**** Available data ****

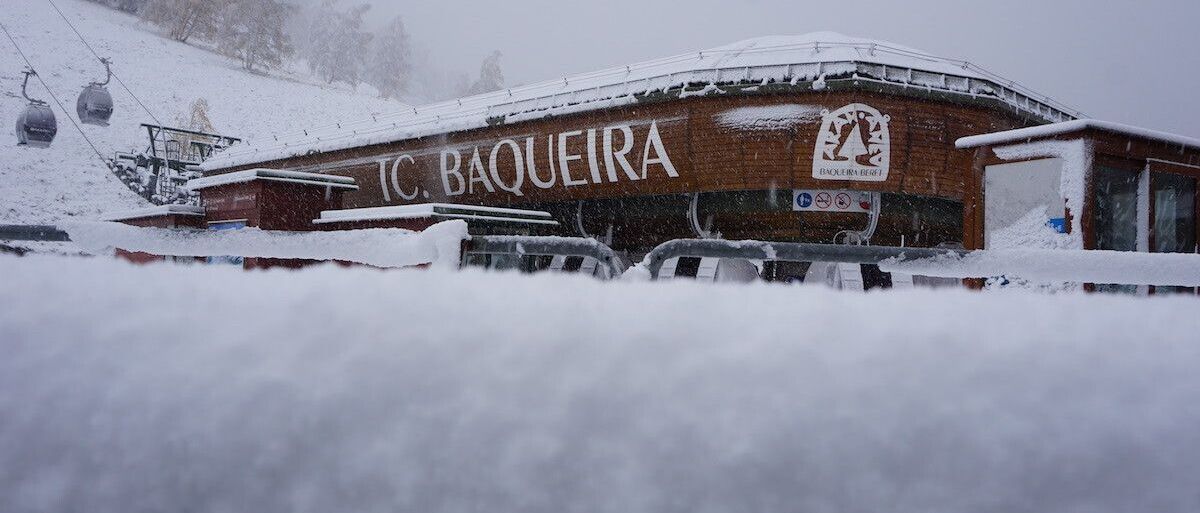 Baqueira publica su primer parte de nieve para esquiar este sábado 25 de noviembre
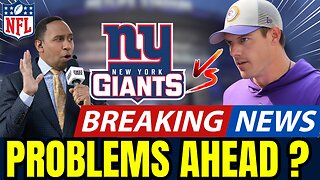 🚨 WILL THIS BE A PROBLEM? WHAT IS YOUR OPINION ? NEW YORK GIANTS NEWS TODAY! NFL NEWS TODAY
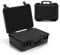 COSTWAY Portable Waterproof Hard Case, Compact Camera Case with Customizable Fit Foam, Dustproof Protective Tool Box for Electronics, Drones, Camera and Lens (22 Inch, 56x44x22cm)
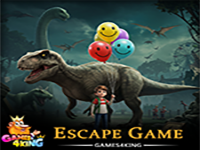 Dino Balloon Boy Escape - Play Free Online Escape Game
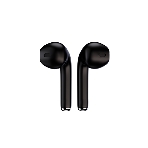 Наушники TWS Maxvi MHF-104BT черный, вкладыши, Bluetooth, сенсорное управление, до 4 ч, фото8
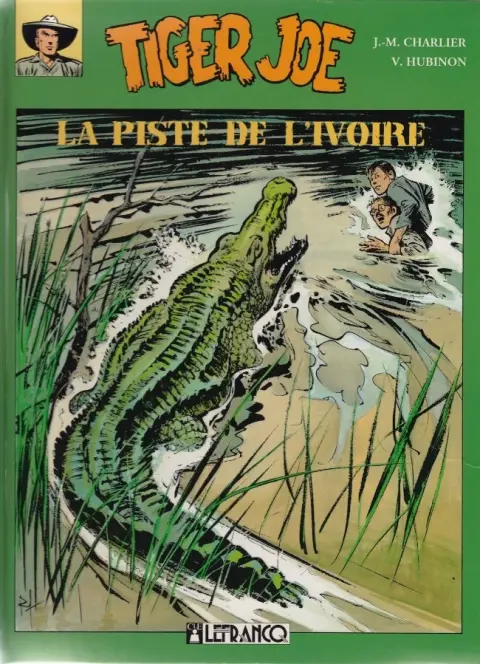 Couverture de l'album Tiger Joe Tome 2 La piste de l'ivoire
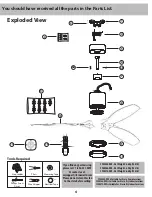 Предварительный просмотр 5 страницы Forno VOCE CF00200 Series Instruction Manual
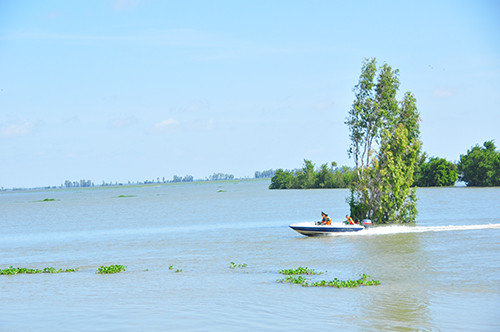 Chính thức xả đập Tha La và Trà Sư ở đầu nguồn lũ An Giang ảnh 8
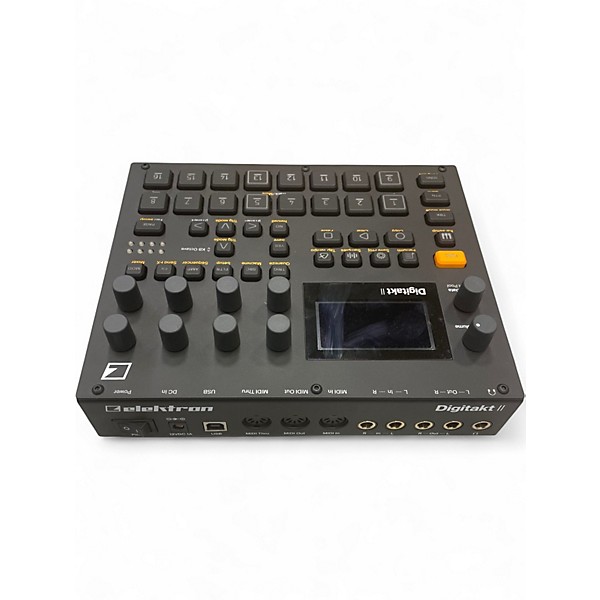 Used Elektron DIGITACT II Drum Machine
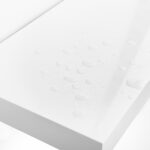 Seinariiul 80x20x3.8cm, valge Seinariiulid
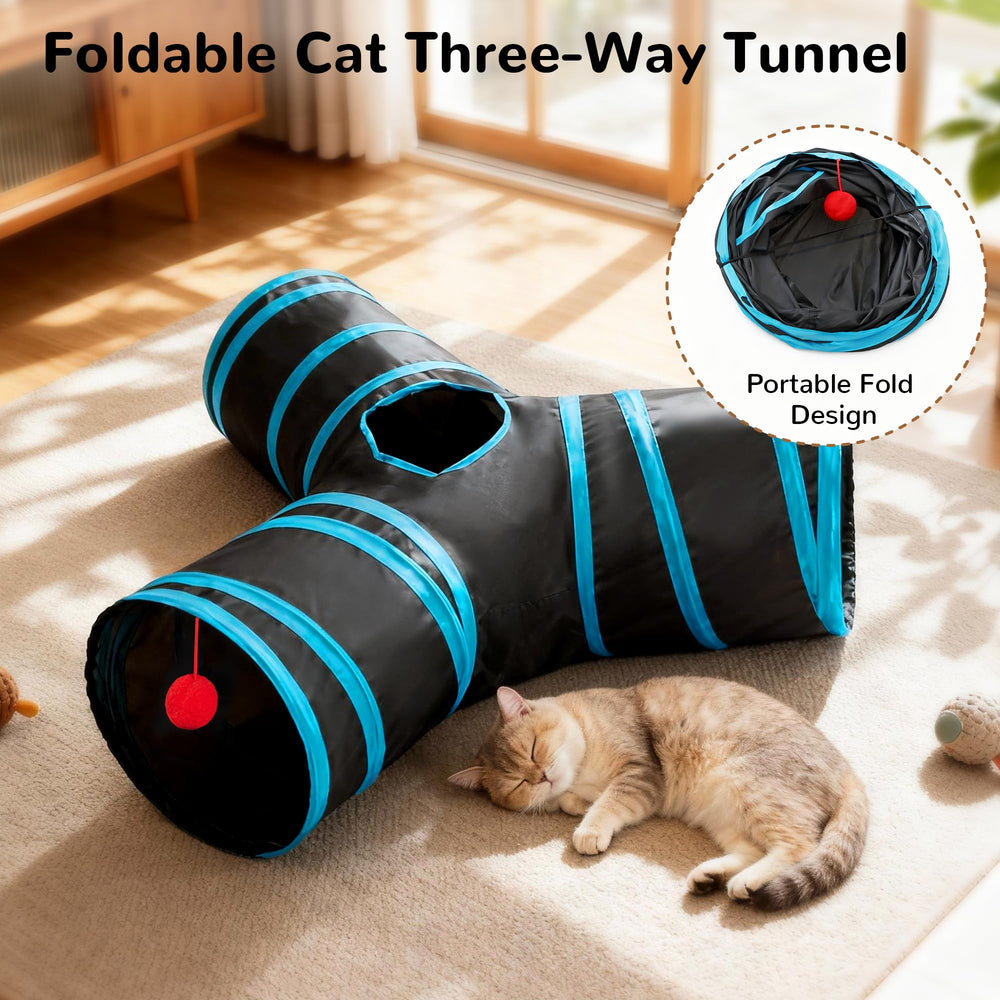 Idéal pour chatons, stimule activité et curiosité au quotidien.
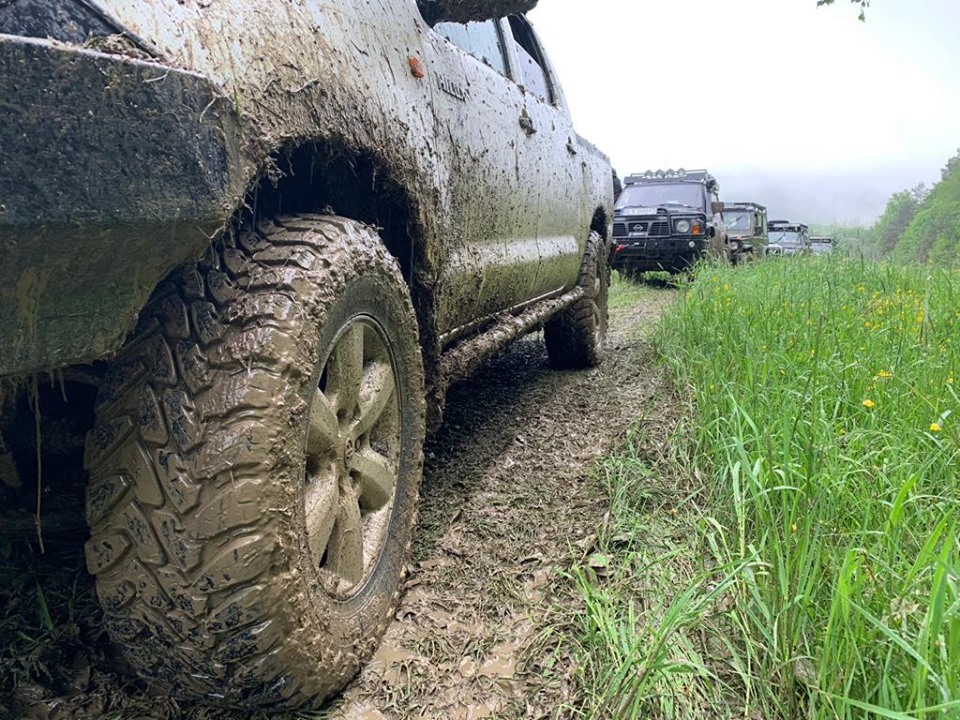 Wyprawa 4x4 off road w Bieszczadach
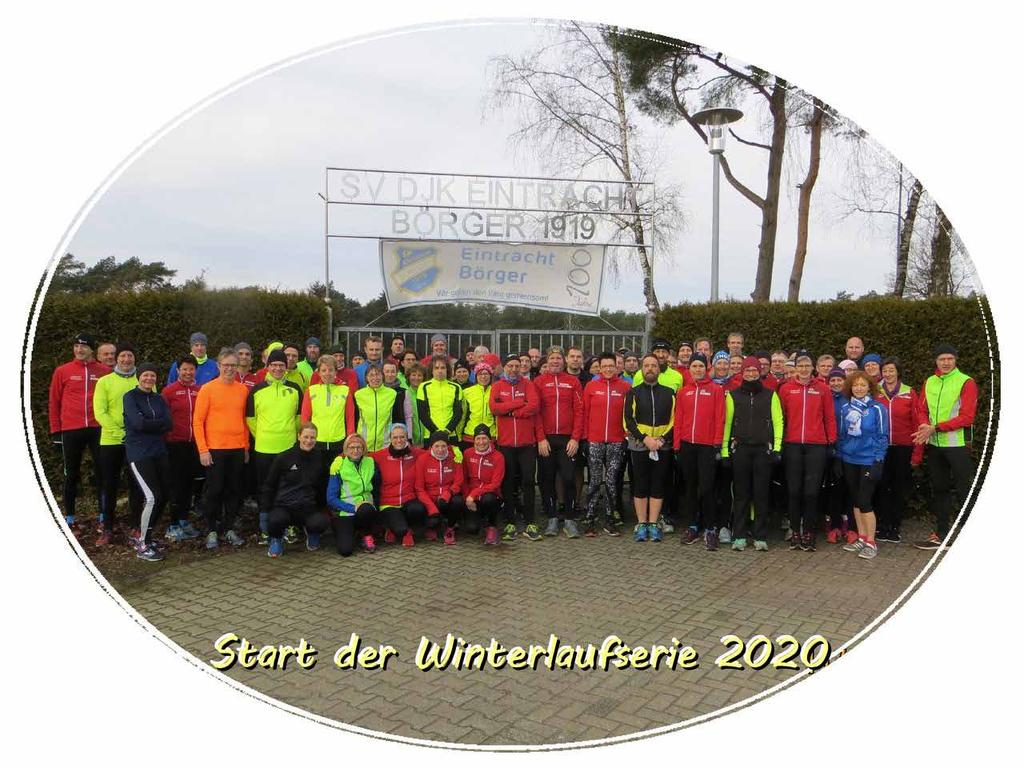 30 WINTERLAUFSERIE Winterlaufserie Schon im Jahr 2009 entstand der Wunsch, auch im Emsland eine Winterlaufserie zu starten.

****

From the line containing "Idéal pour chatons, stimule" through the end of the entries, quote each line exactly and nothing else, excluding all pictures.

▶ **Expected answer**:
 Idéal pour chatons, stimule activité et curiosité au quotidien.
 Wyprawa 4x4 off road w Bieszczadach
 30 WINTERLAUFSERIE Winterlaufserie Schon im Jahr 2009 entstand der Wunsch, auch im Emsland eine Winterlaufserie zu starten.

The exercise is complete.